LONDON — Vilifying one fat or oil could be a losing strategy in solving various sustainability issues around the globe, according to a report published July 7 by the Edible Fats and Oils Collaboration, a multi-stakeholder initiative. To create sustainable supply chains, food businesses instead should view fats and oils, including palm oil, soybean oil and dairy butter, as part of a holistic system.
The report analyzed the major vegetable oils and animal fats consumed globally as one system and compared their environmental, social, nutritional and financial impacts. The Forum for the Future convened the Edible Fats and Oils Collaboration.
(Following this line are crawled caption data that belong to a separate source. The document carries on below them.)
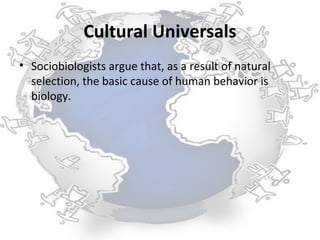 Cultural Universals
• Sociobiologists argue that, as a result of natural
  selection, the basic cause of human behavior is
  biology.
 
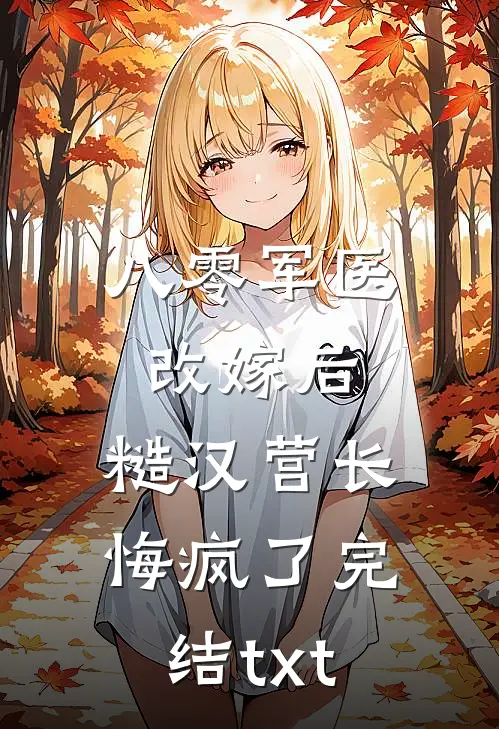 八零军医改嫁后，糙汉营长悔疯了完结txt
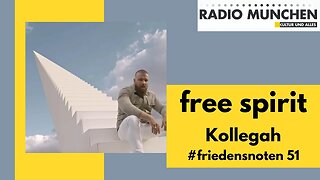 #friedensnoten 51 - Kollegah - free spirit - präsentiert Von Nicolas Riedl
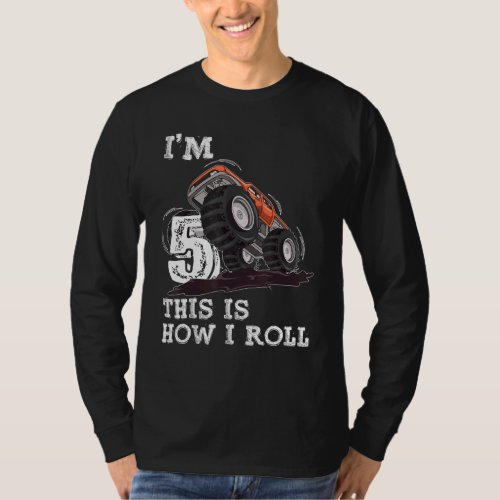 5 Years Old Gifts Im 5 This Is How I Roll Monster T_Shirt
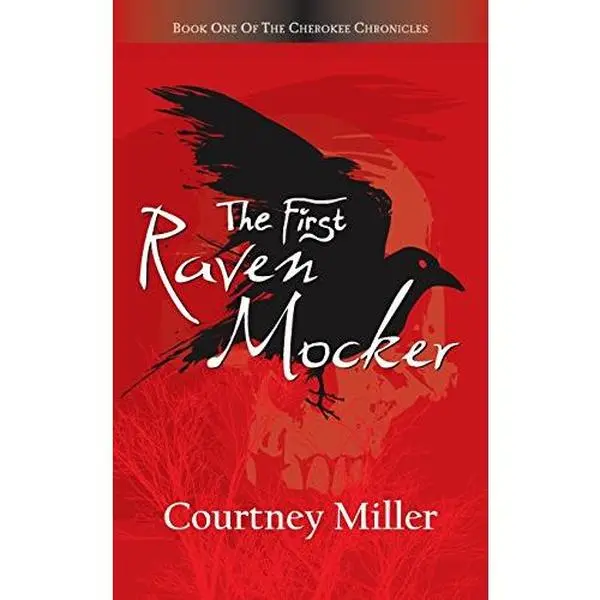 USED Book - The First Raven Mocker: Book 1: The Cherokee Chronicles by Miller, Courtney (Paperback) - english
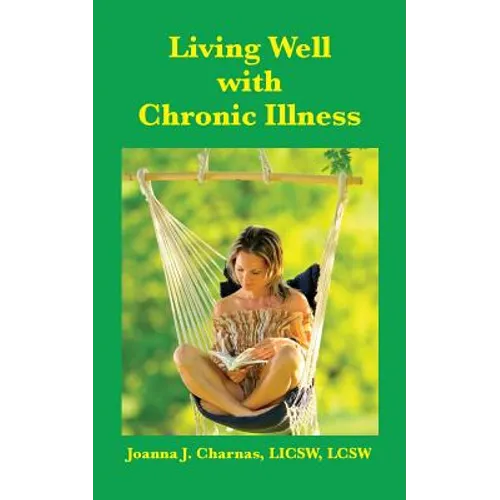 Living Well with Chronic Illness - Paperback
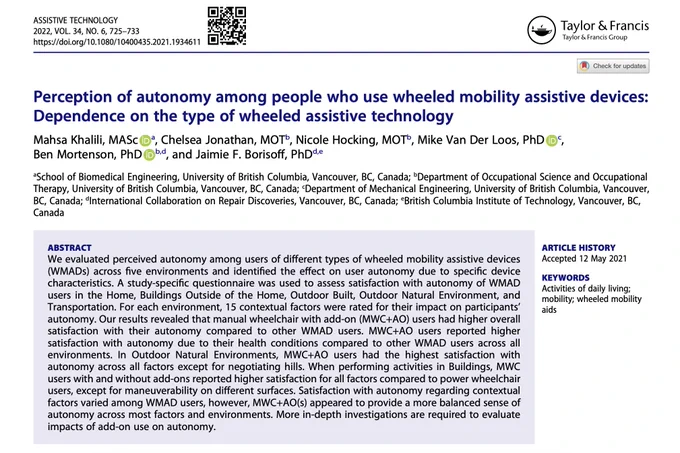 Article indexing information and full text abstract. To cite this article: Mahsa Khalili, Chelsea Jonathan, Nicole Hocking, Mike Van Der Loos, Ben Mortenson & Jaimie F. Borisoff (2022) Perception of autonomy among people who use wheeled mobility assistive devices: Dependence on the type of wheeled assistive technology, Assistive Technology, 34:6, 725-733, DOI: 10.1080/10400435.2021.1934611. To link to this article: https://doi.org/10.1080/10400435.2021.1934611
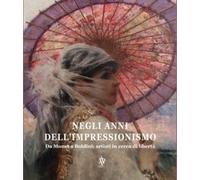 Negli anni dell'Impressionismo. Da Monet a Boldini: artisti in cerca di libertà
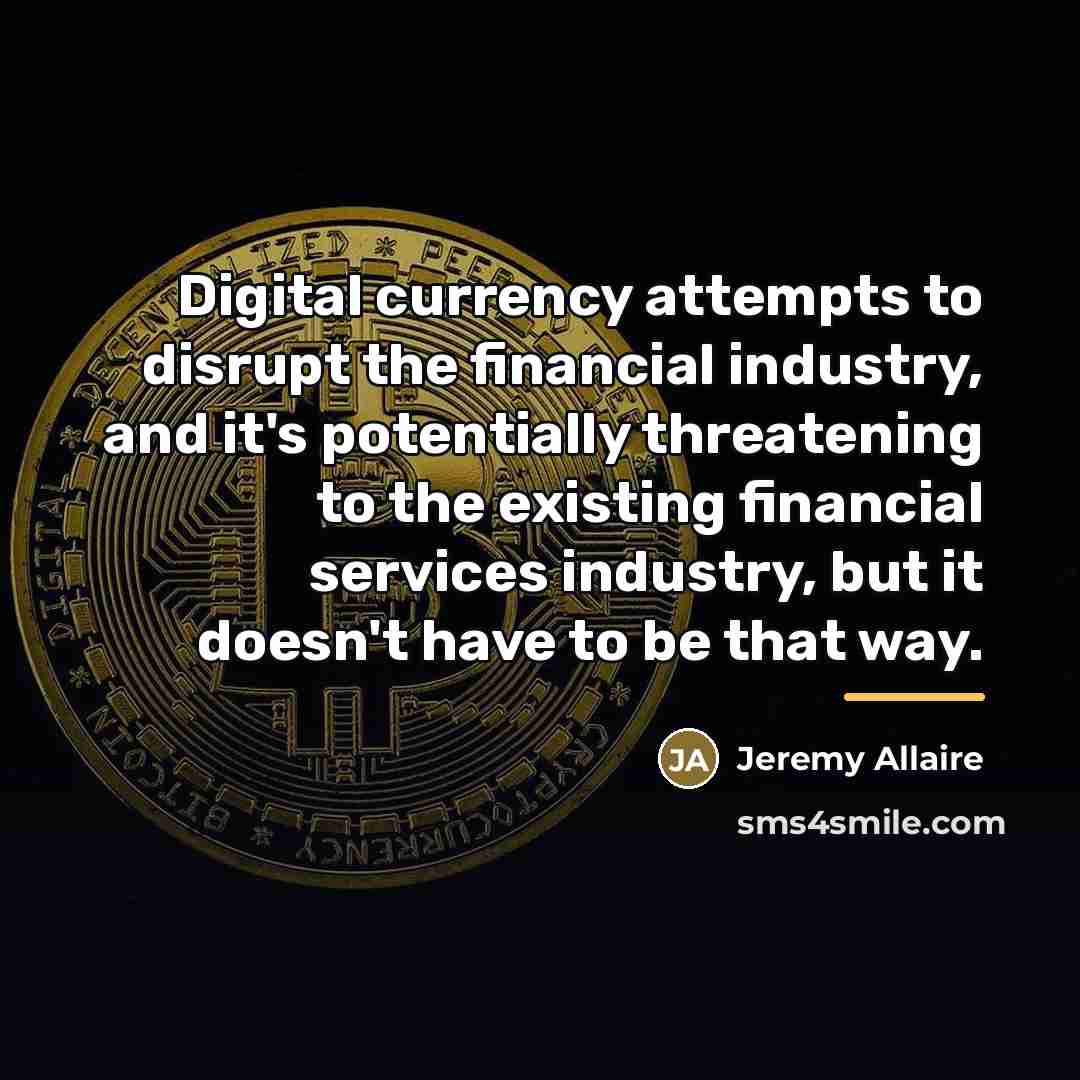 “Digital currency attempts to disrupt the financial industry, and it's…” quote by Jeremy Allaire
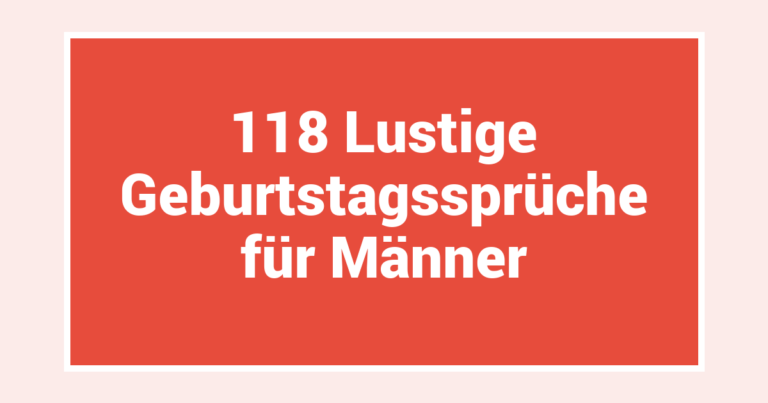 118 Lustige Geburtstagssprüche für Männer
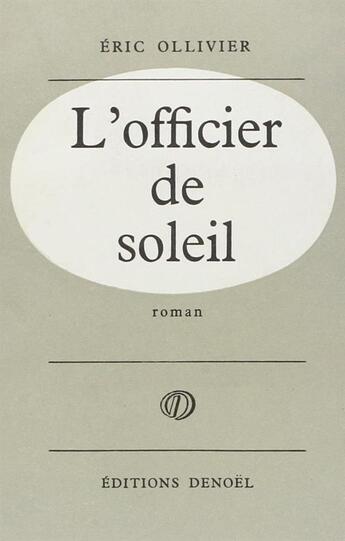 Couverture du livre « L'officier de soleil » de Eric Ollivier aux éditions Denoel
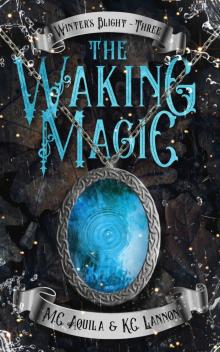 The Waking Magic (Winter's Blight Book 3)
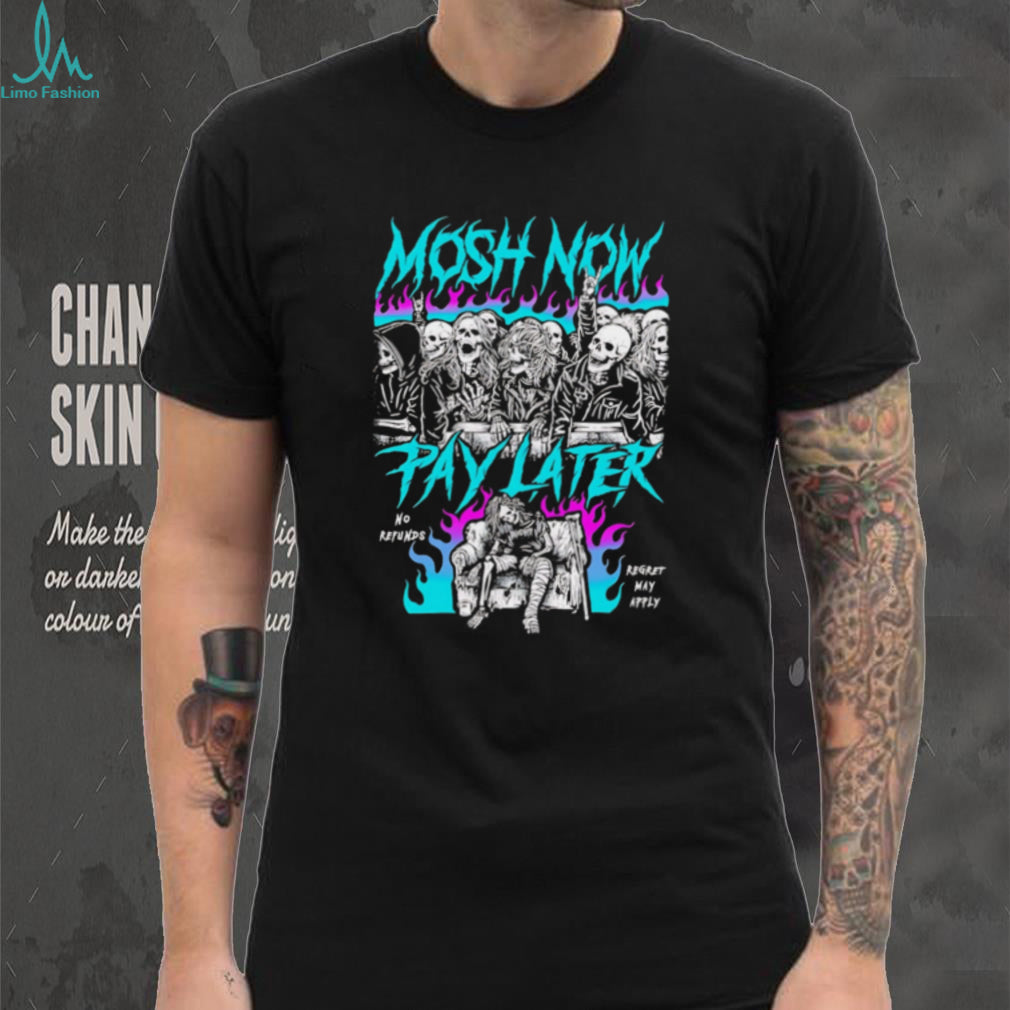 Mosh Now Pay Later No Refunds Regret May Apply Skeleton shirt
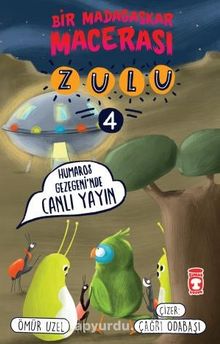 Zulu / Humaros Gezegeninde Canlı Yayın & Bir Madagaskar Macerası 4 - Ömür Uzel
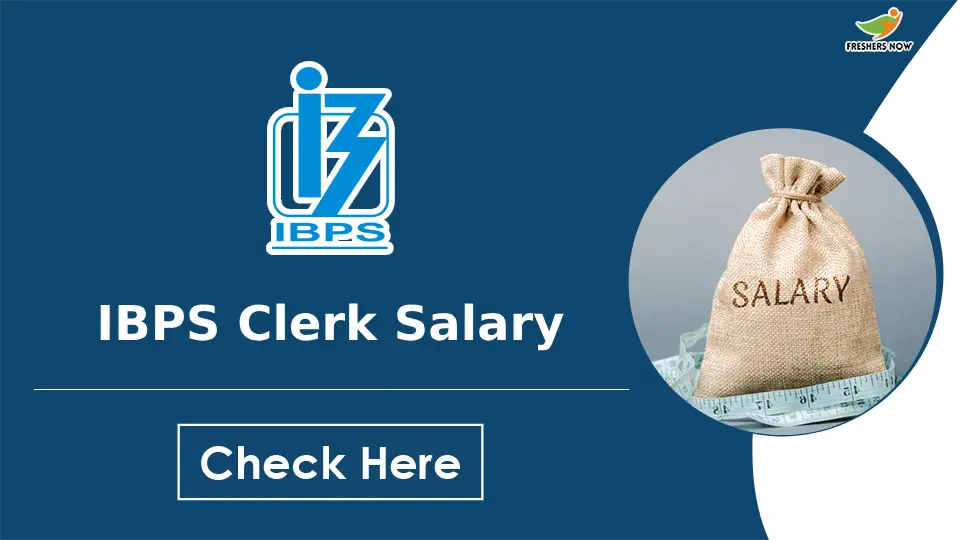 ibps-clerk-salary-2023-pay-scale-job-profile-allowances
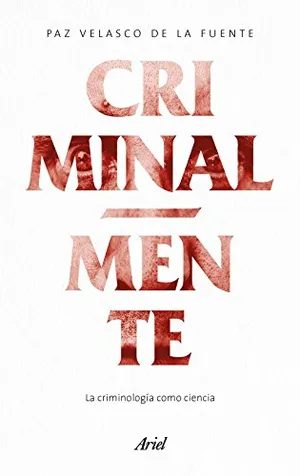 Portada del Libro: Criminalmente: La criminología como ciencia (Ariel)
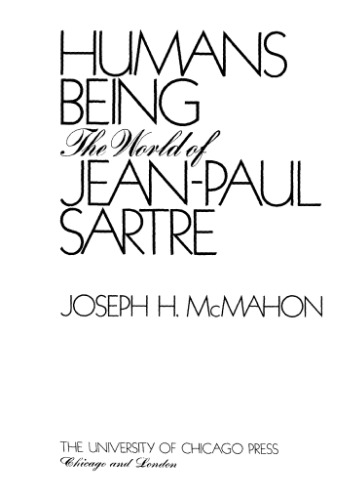 Humans Being: The World of Jean-Paul Sartre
Members of the Forum for the Future include feed ingredients company Volac Wilmar, UK retail chain Marks & Spencer, Unilever, Upfield Holdings BV, and two non-governmental organizations (NGOs) in WWF UK and IUCN-NL (the Dutch national committee of the International Union for Conservation of Nature).
“The food system’s entire value chain must align around the same goal: feeding a growing population in a way that is healthy and allows people and planet to thrive,” said Ivana Gazibara, head of Forum for the Future. “Edible fats and oils play an integral part in this food system, but the debate has been siloed and disjointed. The food industry must work together and build capacity for more joined-up thinking on how to make the fats and oils sector more sustainable. We believe that this report provides a specific starting point for food companies to do exactly that.”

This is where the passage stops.